# Should I fit a Tracker



## Welshone (Sep 7, 2011)

Hi guys, I recently bought a 2010 GTR, has standard alarm & immobiliser, should I fit a tracker?


----------



## Stevie76 (Dec 17, 2009)

Some insurance companies will insist...only reason I got it as in actual fact if someone steals the car I don't want it back!

CCI do great insurance deals but need a tracker for them...oh and a GTROC full paid up membership


----------



## Welshone (Sep 7, 2011)

*Tracker*

Ah, I got insurance with them, but they said on cars worth more than 40k cars had to have it, I paid 39995 so I got outa fitting it, & they just wanted proof of me being a member of a forum... Not sure why...


----------



## Wolwo (Aug 8, 2011)

I was in the same boat as you, just bought GTR for under £40k and told I didnt need a tracker. However I also had a car stolen last year (BMW E92 M3) and it took 4 months to sort out insurance money after they had fully investigated me!! Hopefully this wont happen to me again, but if it did I would rather get the car back now and either have it repaired or at least show the insurance company that the damage is beyond repair so that I can get on with my life!


----------



## TAZZMAXX (Mar 9, 2010)

Welshone said:


> they just wanted proof of me being a member of a forum... Not sure why...

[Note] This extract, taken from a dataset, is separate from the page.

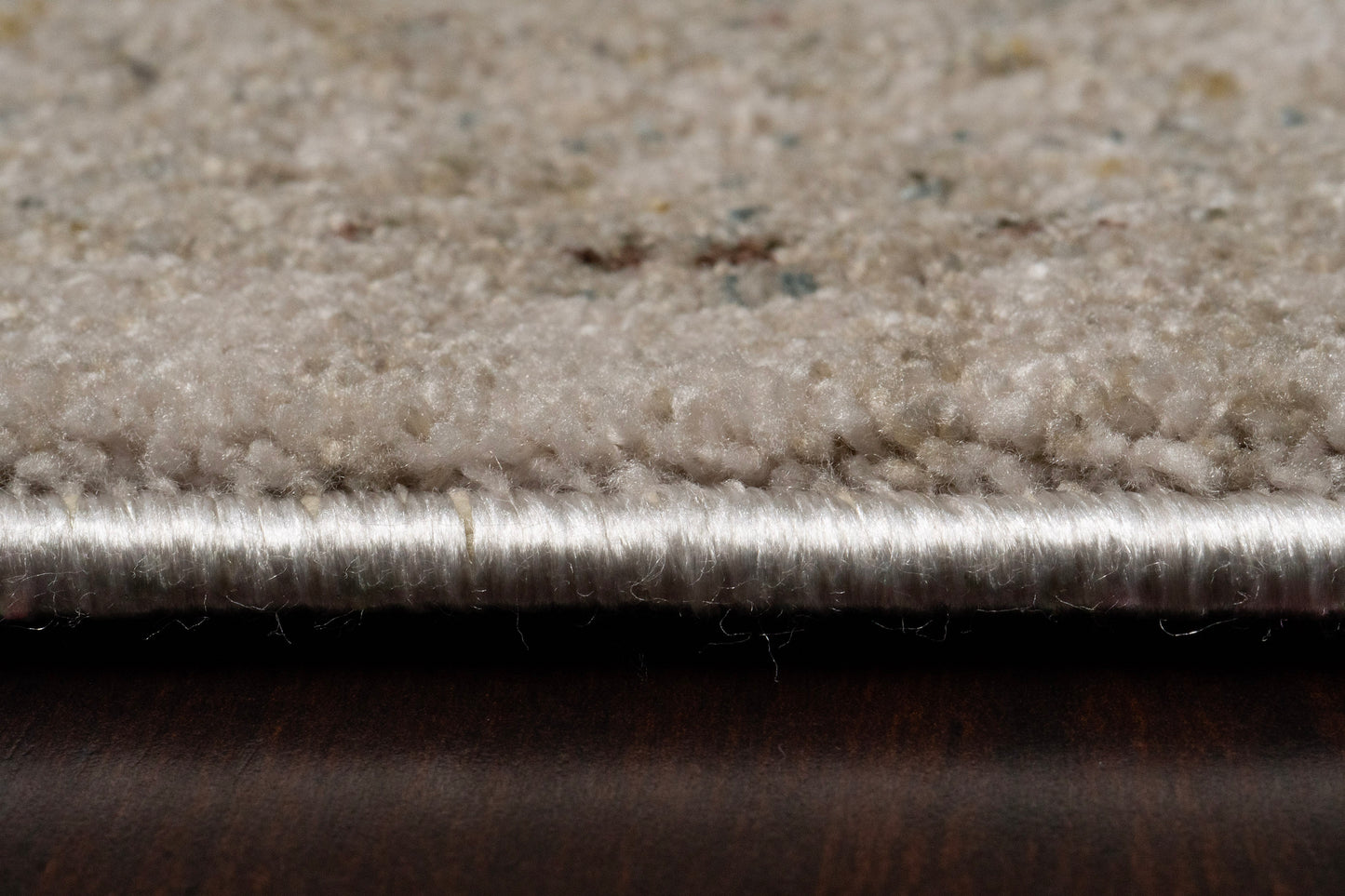 Bloomfield Traditional Beige/Grey/Cream Oriental Medium Pile Rug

Proof of membership of the GTR register (forum) is not proof of GTROC membership which I believe is what Stevie76 was referring to.


----------



## Stevie76 (Dec 17, 2009)

TAZZMAXX said:


> Proof of membership of the GTR register (forum) is not proof of GTROC membership which I believe is what Stevie76 was referring to.


Yep spot on...membership means having paid to be a full member...I have membership card with unique number and access to members only section of the forum. CCI want copy of membership card as proof before they will apply the members discount.


----------



## Welshone (Sep 7, 2011)

Thanks for your feedback, think I will get a tracker fitted, my local shop have said it's 300 squid, also service at litchfields, glad I only live 20 miles from them. Regarding insurance, cci asked just proof of being a member of a forum, I did mention this one, all I have to they said was take a screen shot & print it out as proof, so watch this space, I could be wrong...


----------



## w8pmc (Sep 16, 2010)

Got a nice surprise yesterday (i think someone else mentioned it on here but i can't find that post).

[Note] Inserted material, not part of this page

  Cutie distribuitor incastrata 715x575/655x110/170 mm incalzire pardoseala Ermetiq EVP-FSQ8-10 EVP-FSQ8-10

Called Tracker & stated i "used" to be a customer & they confirmed i can have their customer discount so it's costing £149 for supply & fitting & the mush is outside now fitting the system.

Given my change to CCI from Elephant is now saving me close to £700, the Tracker is in essence free & even with subs i'm still saving £400 & get the benefit of the cover for 5 trackdays as well as a lower XS. Happy days.


----------



## sumo69 (Mar 31, 2008)

Nice one Paul

I mentioned last year that tracker do a "deal" for ex-customers - at the time they offered an install for £99!

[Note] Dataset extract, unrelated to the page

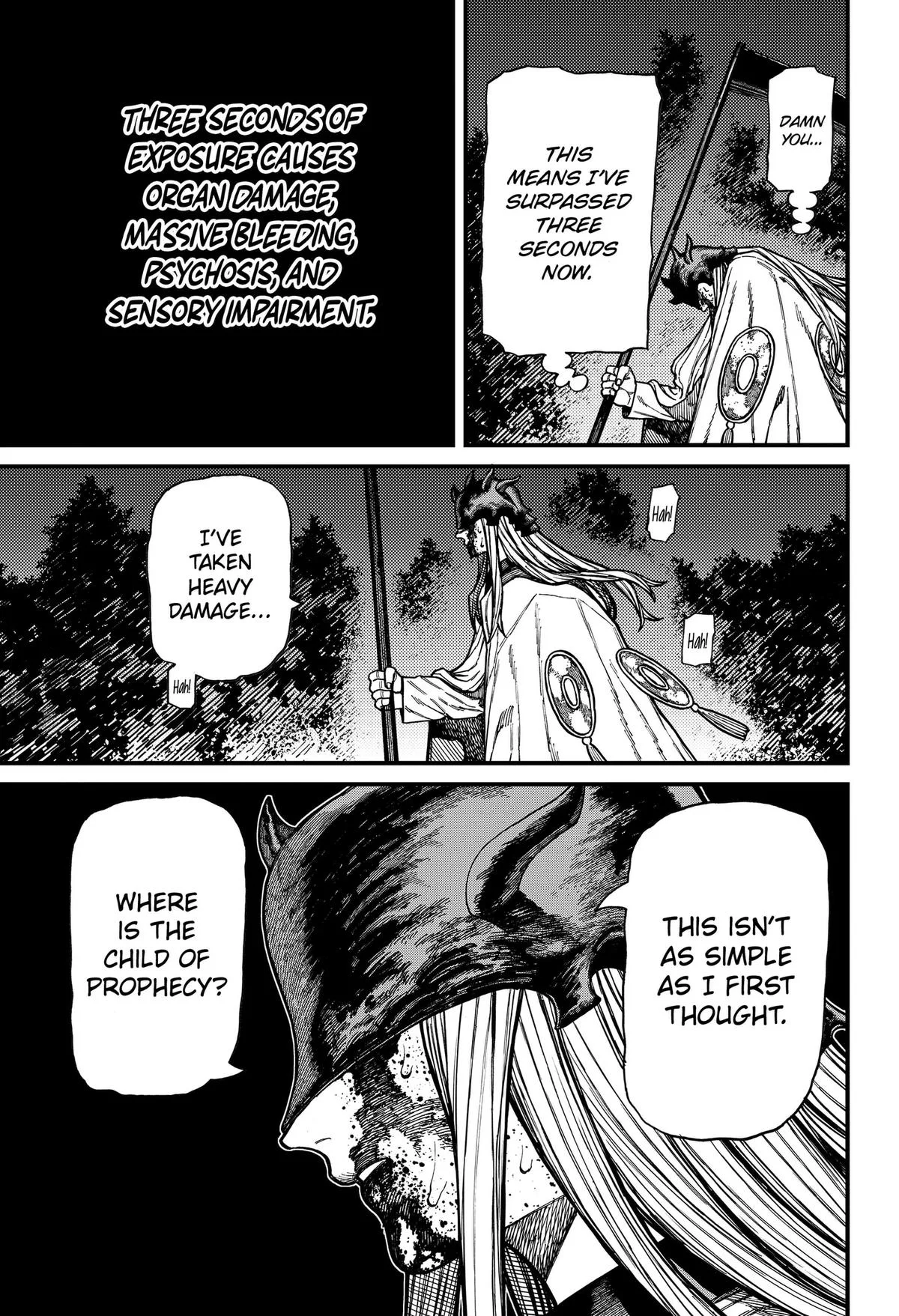 Centuria β Chapter 99 β Page 3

Which unit are you fitting?

D


----------



## w8pmc (Sep 16, 2010)

sumo69 said:


> Nice one Paul
> 
> I mentioned last year that tracker do a "deal" for ex-customers - at the time they offered an install for £99!
> 
> ...


Cheers.

Got Tracker Monitor fitted which i believe is around £350 retail, so £149 is a bit of a bargain Pretty sure last year they still had Tracker Retrieve which was the old base system & this has now been replaced by Monitor which now has the addition of Motion Sensors so you get a call if the car's moved without the keys (low loader etc.).

Could have got Locate (think this used to be called Horizon) for an extra £100 but i didn't see the value in just adding GPS & GSM as only fitted it to satisfy CCI


----------